I use the term “read” in quotation marks to draw attention to it, as this is not what many of us colloquially call reading–that is, what you are doing now, going over my post with your eyes. That term nonetheless applies–it describes what, for example, Google is doing with this post, going through it with algorithms to fish certain information out of it.
For me, the readings harkened back to those from week 3, particularly Susan Hockey’s “History of Humanities Computing.” In my post for that week, I mentioned my surprise, based on my own experience, how long of a history humanities computing had. Through most of that history, computers had been used for production of knowledge rather than its dissemination, beginning with Father Busa’s use of punchcards to index the works of Thomas Aquinas. This week’s readings focused on new, and not-so-new, ways of using digital technology in humanities research, particularly with texts.
Digital technology has assisted with knowledge production in the humanities by assisting us with the problem of quantity. Besides the basic function of searching through mountains of material to pull out what we need, the technology enables us to find patterns and quantities in the material itself.
As the readings all make clear, however, these tools are merely tools–means to an end, not ends in themselves. Nor should they be ends in themselves. To show that, I’ll use an example from my own work here.

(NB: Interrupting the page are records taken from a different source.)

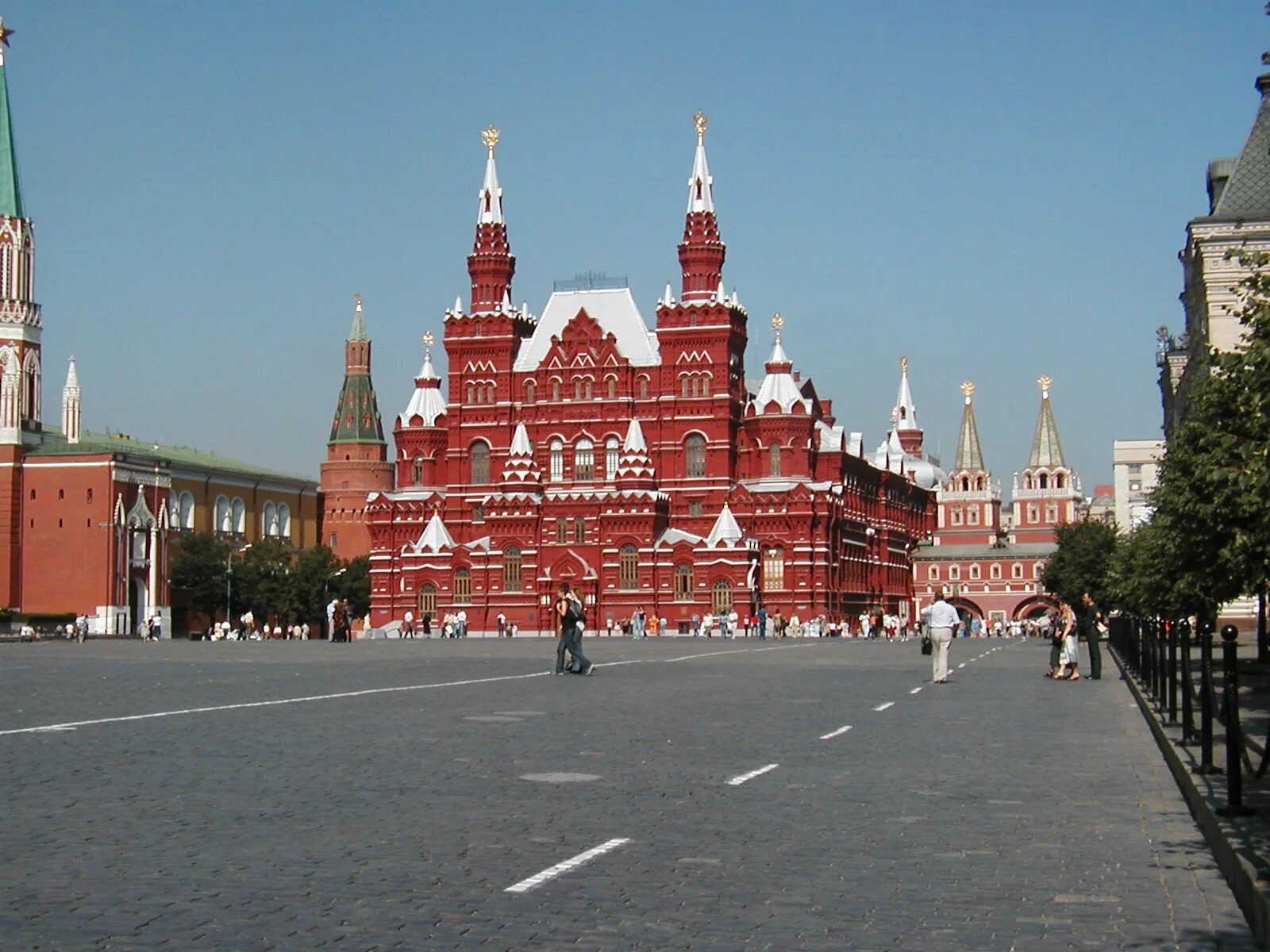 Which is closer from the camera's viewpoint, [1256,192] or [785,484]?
[1256,192]

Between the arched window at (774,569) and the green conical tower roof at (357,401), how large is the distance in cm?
7101

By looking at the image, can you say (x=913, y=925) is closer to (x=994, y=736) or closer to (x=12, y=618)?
(x=994, y=736)

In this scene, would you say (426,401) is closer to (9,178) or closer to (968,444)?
(9,178)

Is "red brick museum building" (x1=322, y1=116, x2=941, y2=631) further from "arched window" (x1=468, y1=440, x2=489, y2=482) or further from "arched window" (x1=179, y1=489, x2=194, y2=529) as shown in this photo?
"arched window" (x1=179, y1=489, x2=194, y2=529)

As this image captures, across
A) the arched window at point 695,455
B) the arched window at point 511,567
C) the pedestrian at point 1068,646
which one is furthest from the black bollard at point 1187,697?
the arched window at point 511,567

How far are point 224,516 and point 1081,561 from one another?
80360 millimetres

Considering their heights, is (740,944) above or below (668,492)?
below

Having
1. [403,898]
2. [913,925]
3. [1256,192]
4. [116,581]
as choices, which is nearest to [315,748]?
[403,898]

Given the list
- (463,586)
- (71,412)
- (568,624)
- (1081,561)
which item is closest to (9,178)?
(71,412)

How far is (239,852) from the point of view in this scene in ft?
34.7

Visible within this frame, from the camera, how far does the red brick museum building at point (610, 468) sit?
334ft

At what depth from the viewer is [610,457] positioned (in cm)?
10544

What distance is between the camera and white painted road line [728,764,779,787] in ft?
48.0

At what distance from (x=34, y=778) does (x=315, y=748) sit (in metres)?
3.44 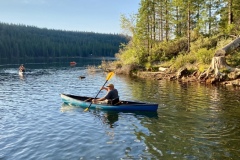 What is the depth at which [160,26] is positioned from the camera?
2148 inches

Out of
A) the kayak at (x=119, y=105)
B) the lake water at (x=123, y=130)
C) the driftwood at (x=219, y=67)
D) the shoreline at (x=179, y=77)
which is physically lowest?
the lake water at (x=123, y=130)

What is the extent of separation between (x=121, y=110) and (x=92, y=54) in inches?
6264

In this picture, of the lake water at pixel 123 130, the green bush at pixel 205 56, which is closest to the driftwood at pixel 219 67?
the green bush at pixel 205 56

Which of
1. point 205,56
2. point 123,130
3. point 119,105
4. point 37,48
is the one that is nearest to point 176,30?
point 205,56

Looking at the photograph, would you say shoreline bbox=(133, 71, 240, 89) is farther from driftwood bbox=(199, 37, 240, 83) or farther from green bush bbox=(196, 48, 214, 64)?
green bush bbox=(196, 48, 214, 64)

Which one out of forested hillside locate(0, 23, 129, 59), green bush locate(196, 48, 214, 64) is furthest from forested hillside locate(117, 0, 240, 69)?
forested hillside locate(0, 23, 129, 59)

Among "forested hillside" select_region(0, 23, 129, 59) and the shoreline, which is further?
"forested hillside" select_region(0, 23, 129, 59)

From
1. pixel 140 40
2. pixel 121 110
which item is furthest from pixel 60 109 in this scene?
pixel 140 40

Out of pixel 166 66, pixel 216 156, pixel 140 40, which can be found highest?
pixel 140 40

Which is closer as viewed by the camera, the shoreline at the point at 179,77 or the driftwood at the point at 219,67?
the shoreline at the point at 179,77

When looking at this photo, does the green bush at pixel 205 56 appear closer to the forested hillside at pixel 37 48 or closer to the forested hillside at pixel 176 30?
the forested hillside at pixel 176 30

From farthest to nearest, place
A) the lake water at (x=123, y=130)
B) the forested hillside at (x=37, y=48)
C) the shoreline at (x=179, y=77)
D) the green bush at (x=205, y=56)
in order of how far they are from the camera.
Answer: the forested hillside at (x=37, y=48)
the green bush at (x=205, y=56)
the shoreline at (x=179, y=77)
the lake water at (x=123, y=130)

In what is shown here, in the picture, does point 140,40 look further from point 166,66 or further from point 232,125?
point 232,125

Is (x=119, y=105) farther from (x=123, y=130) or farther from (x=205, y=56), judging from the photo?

For my American Revolution seminar at GW in 2006, I wrote a paper comparing ideology in the American Revolution and the contemporaneous Tupac Amaru Rebellion in Peru. Referencing other works’ historiography, I stated that interest in the Tupac Amaru Rebellion had picked up in the 1960s and 1970s. I revised that paper for my Ph.D. program writing sample in late 2010–just after the debut of Google’s N-grams Viewer.
So just for fun, I used the N-gram Viewer to find instances of the term “Tupac Amaru” in the English and Spanish corpuses since 1780. The results largely bore out what the historiography said: at least in English, a rise in mentions of that combination of terms in the 1960s and 1970s. Interestingly, though, the Spanish corpus shows a rise–indeed, a peak–in the 1950s.
As Dan Cohen correctly points out, using this tool is merely a start. Indeed, it leads to a host of other questions. For example, why do the English and Spanish corpuses have their peaks at different times? As Franco Moretti does with 18th- and 19th-century English novels, we need to look at the social contexts of those times to understand those peaks. In the case of Tupac Amaru, the rise of the term, in the English corpus at least, coincides–not coincidentally–with the rise of anticolonial movements and subaltern history. That’s what the historiographies in recent works said, at least. Why an earlier rise of the term’s frequency in the Spanish corpus? That is a question for further research.
To tease out other issues, we need to look more closely at the works cited. For example, the English corpus shows a rise of that combination of terms in the 1990s–not surprisingly, corresponding with the rise in popularity of the rapper Tupac Amaru Shakur, and, I’m guessing to a lesser extent, the Tupac Amaru Revolutionary Movement’s 1997 seizure of the Japanese embassy in Lima. Only by reading deeper–i.e., reading in the traditional, commonly-understood sense of the term–would one be able to learn whether that 1990s rise had to do with increased scholarship about the 1780-83 rebellion or the prominence of an individual and a group named for that rebellion’s leader.
Thus, my takeaway from this week’s readings: similar caveats as those that apply to the N-gram Viewer apply to other data mining and distant reading tools. The tools help us formulate questions, help us answer those and other questions, help us make sense of a mass of information. And they are super-cool. But they do not provide answers in themselves. For that, we still need to rely on the oldest tool in the humanities arsenal: the human brain.